Financial support for youth work is provided by the Ministry of Education, Children and Youth. It is not possible to provide a comprehensive overview of funding of youth work because the field is very differentiated and youth work is funded by different schemes in terms of institutions and degree of professionalisation (professional and voluntary youth work).
The most reliable data on funding is available for the field of professional youth work under the legal framework of the 1999 grand-ducal regulation. All youth services for young people (Service pour jeunes) which have an agreement (in accordance to this regulation) are funded by public budget. The total budget was € 13 111 234 in 2018 and has increased to € 18 728 748 in 2022. To become eligible for an agreement and to get funding, the services have to fulfil specific requirements regarding activities or offers (animation, open space, consultation, training) but also infrastructure (facilities, educational staff).
Youth centres are funded by the state and the municipality. Each of these fund always half of the total personnel costs of the youth centre. Buildings are provided or funded by the municipality and furnishings are funded by the state. The total budget of the National Youth Service was € 19 982 436 in 2018 and has increased to € 33 497 912 in 2022. Other youth initiatives (e.g. political youth parties) are funded by the budget line 'Subsides pour activités dans l'intérêt des jeunes' with a total amount of € 105 000 (in 2022).
Luxembourg is involved in the Erasmus+ programme and European Solidarity Corps which are the most important international funding sources for youth work activities in Luxembourg.

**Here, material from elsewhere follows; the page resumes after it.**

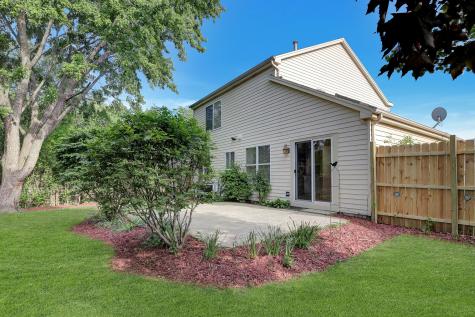 1161 Regent Drive Mundelein IL 60060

There are several types of cooperation between youth work stakeholders:
- The 'Daachverband vun de Lëtzebuerger Jugendstrukturen' (DLJ), the national umbrella NGO of 18 supporting youth services and 61 local youth centres, supports youth work. The main tasks of the DLJ include the promotion of exchanges, coordination and cooperation between members, support for the work of youth centres and services, increasing the awareness of open youth work and the representation of members' interests abroad in the relevant political bodies
- The commission of the national framework on non-formal education of children and young people (commission du cadre de référence national) is composed of representatives from different ministries (e.g. education, sports, culture, health) and other public bodies (2017 grand-ducal regulation, Art. 1). It is in charge of elaborating and evaluating the national framework on non-formal education of children and young people
- The commission for lifelong learning (Commission de la formation continue) is composed of representatives from different ministries (e.g. education, sports, culture, health) and other public bodies (2017 grand-ducal regulation, Art. 10). It is in charge of the validation and recognition of lifelong learning activities of youth workers
- The Higher Youth Council (Conseil Supérieur de la Jeunesse) is composed of 22 representatives from several organisations and administrations that are concerned with youth issues (including eight young representatives from youth organisations, four representatives from youth services, four representatives from organisations which work on behalf of young people, two student representatives, one representative of Syvicol, one representative from the National Assembly of Young People, one representative from the ministry in charge of youth policy and one representative from youth research) (2015 grand-ducal regulation on youth, Art. 1).
There are further ad hoc cooperations between youth work stakeholders. For example, in the form of a round table and workshops on media use and consumption, jointly organised by the DLJ and the National Centre for the Prevention of Substance Abuse, or the campaign Social Boys which aims at encouraging boys to engage in youth work, organised by the DLJ in cooperation with infoMann and the Ministry of Equality between Women and Men.